- Records for the exercise -
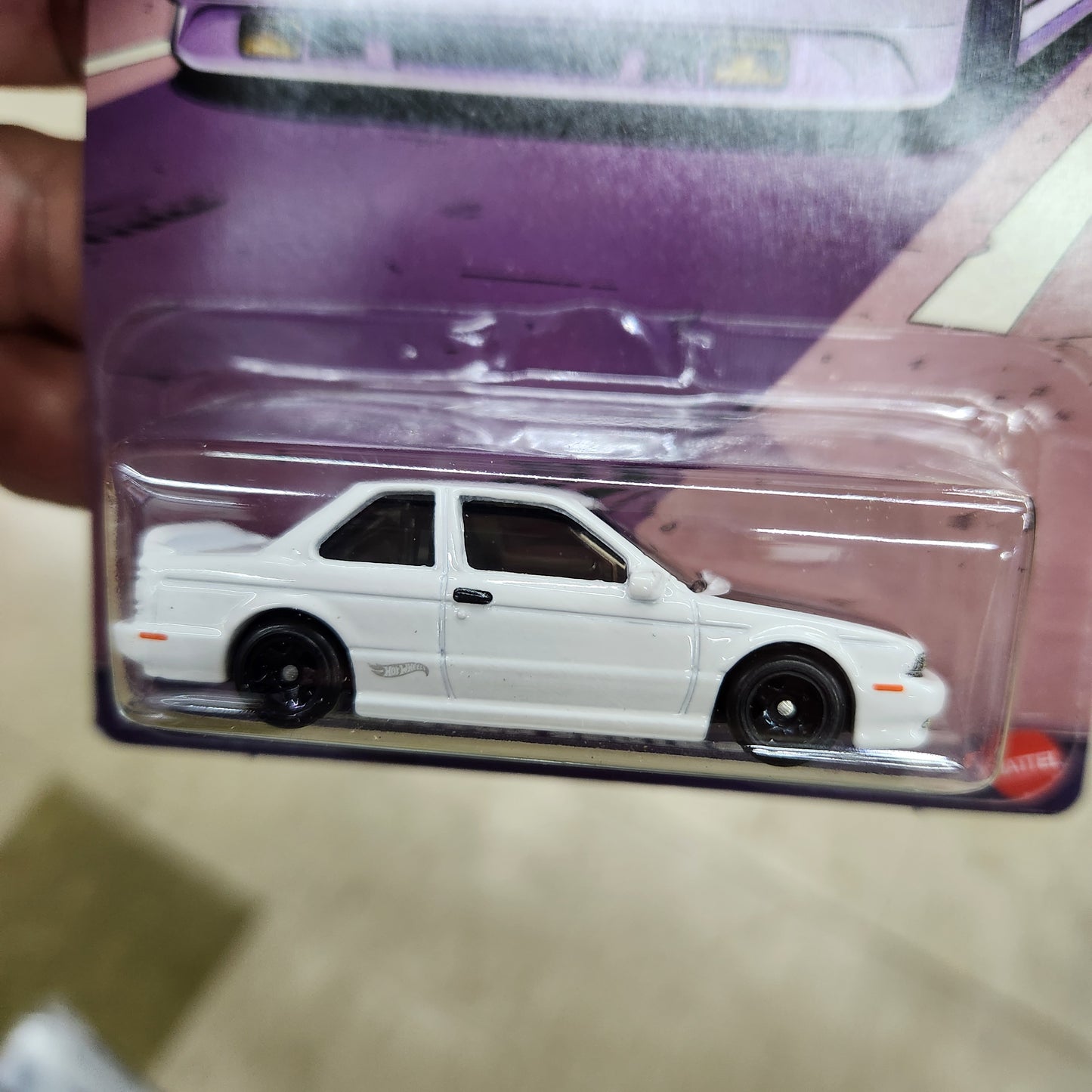 Hot Wheels Silver Series - Compact Kings (2026) - Set of 5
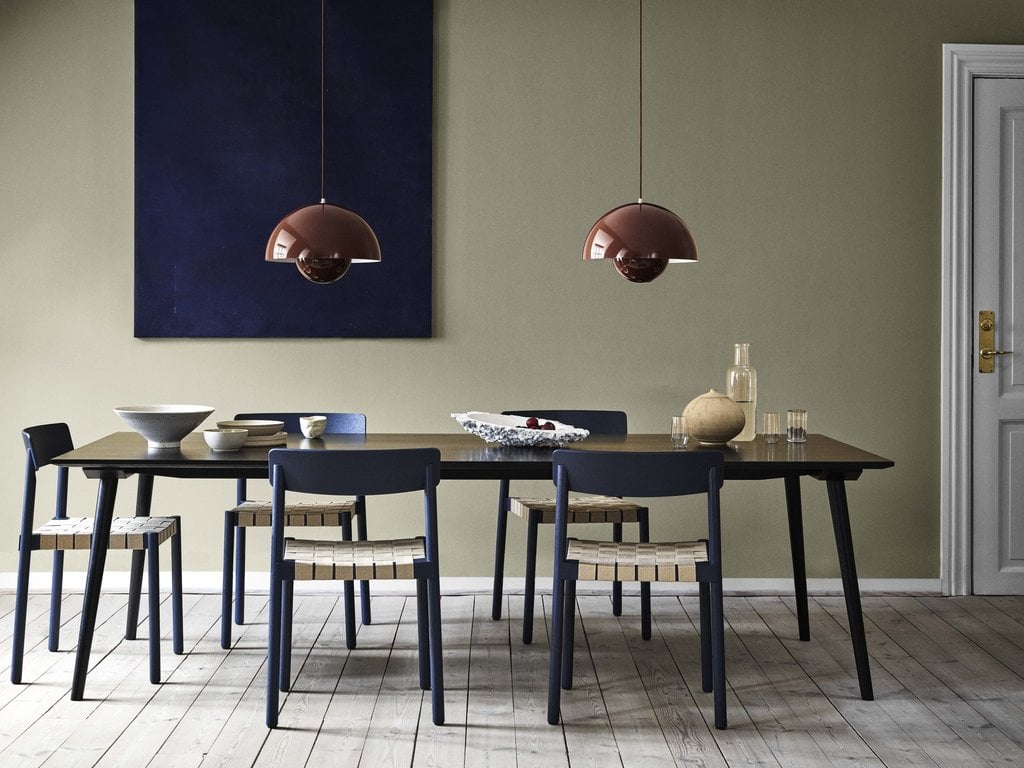 Sam Kallio for &Tradition In Between Table (Long)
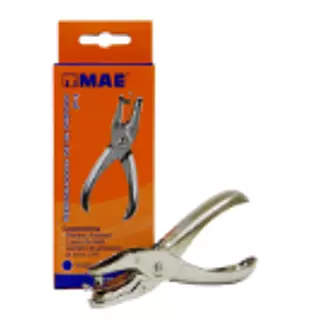 Perforadora 1 Hueco Mae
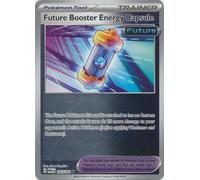 SV Paradox Rift 164/182 Future Booster Energy Capsule (Reverse Holo)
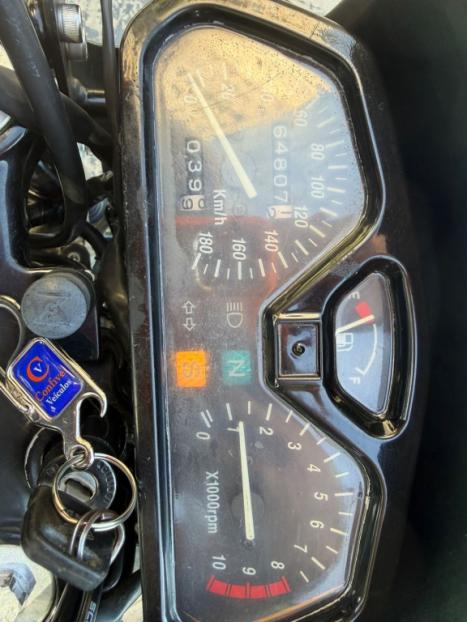 HONDA NX Falcon 400, Foto 8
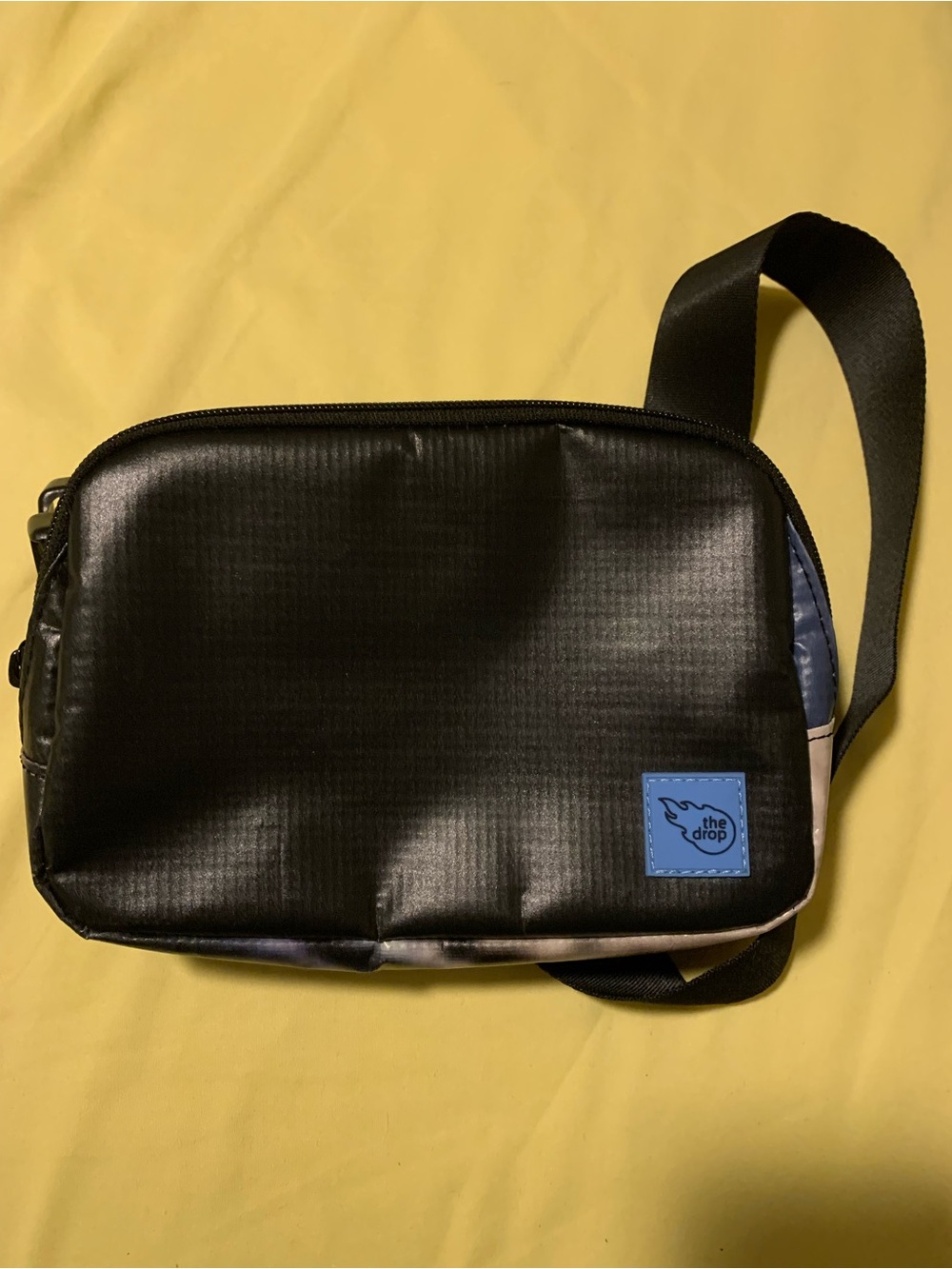 Rareform Tennessee Titans The Drop Zion Bag from smoke free home!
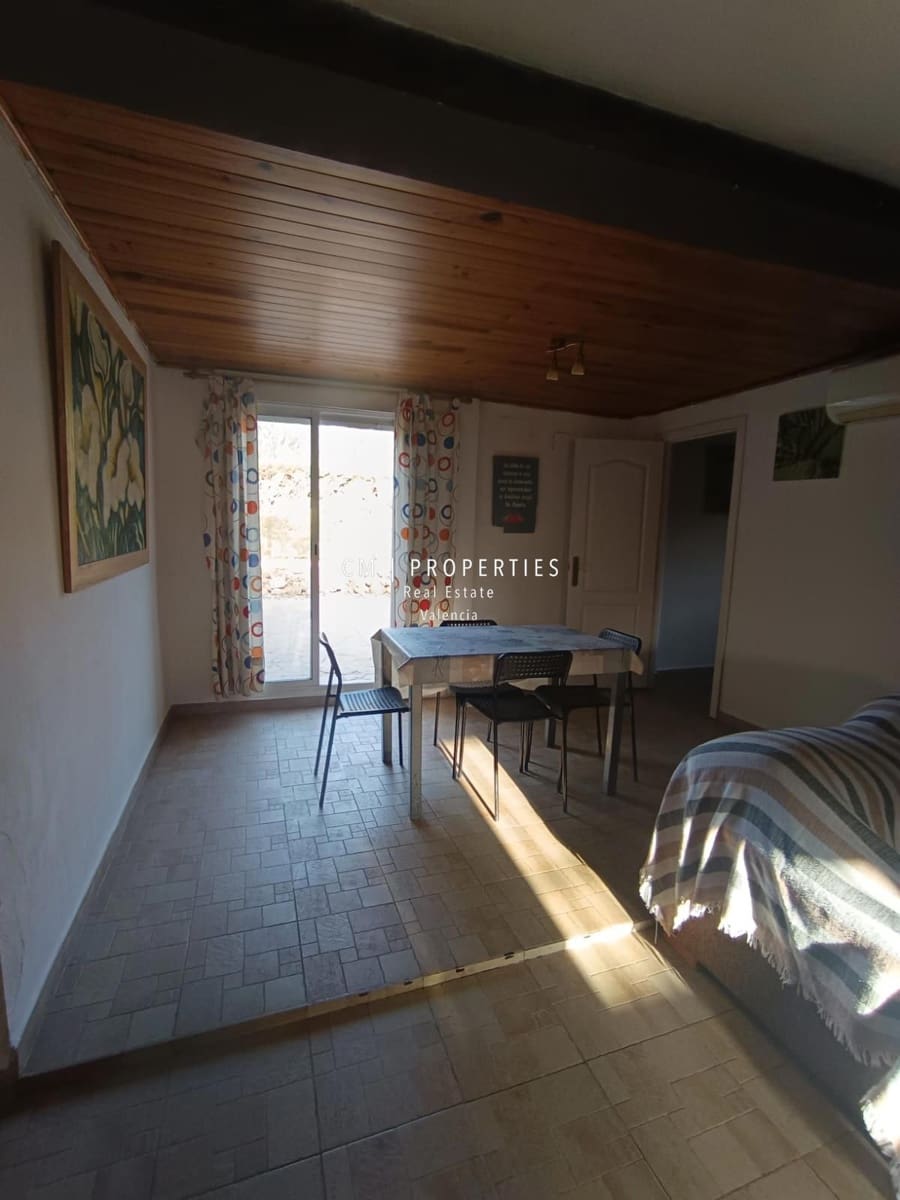 4 sypialnia Willa na sprzedaż w Lliria z basenem garażem - 265 000 € (Ref: 9066584)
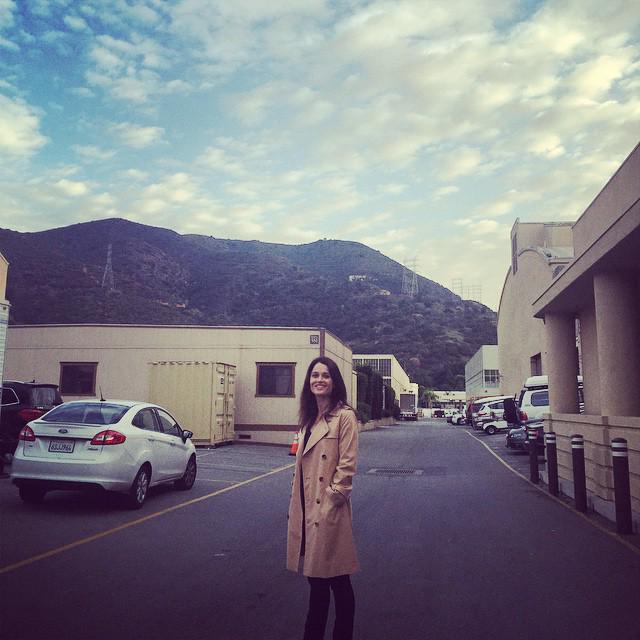 Happy Birthday Robin Tunney! 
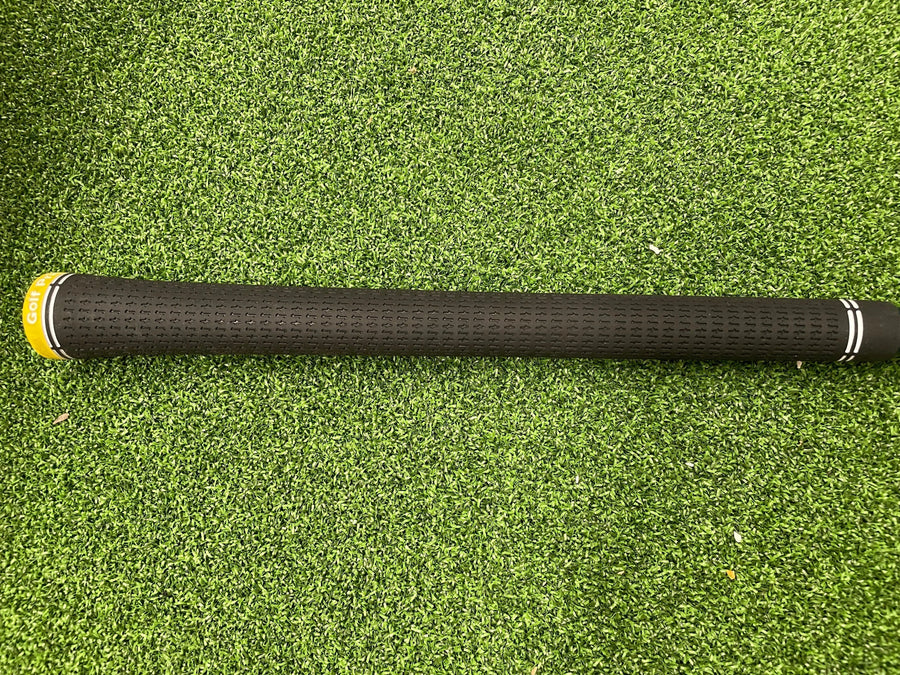 2019 Bridgestone Tour B JGR 19° Left Handed 3 Hybrid - back view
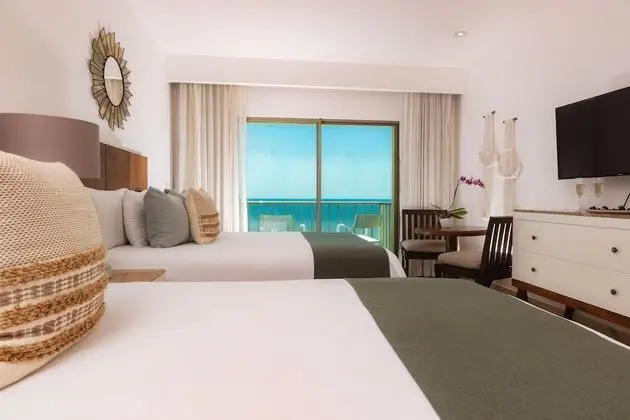 Deluxe Room Double Bed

- Exercise aim -
Give again, word for word, the line that contains "Perforadora 1 Hueco Mae" and every line after it through the end of the entries; omit the pictures.

- Task response -
 Perforadora 1 Hueco Mae
 SV Paradox Rift 164/182 Future Booster Energy Capsule (Reverse Holo)
 HONDA NX Falcon 400, Foto 8
 Rareform Tennessee Titans The Drop Zion Bag from smoke free home!
 4 sypialnia Willa na sprzedaż w Lliria z basenem garażem - 265 000 € (Ref: 9066584)
 Happy Birthday Robin Tunney! 
 2019 Bridgestone Tour B JGR 19° Left Handed 3 Hybrid - back view
 Deluxe Room Double Bed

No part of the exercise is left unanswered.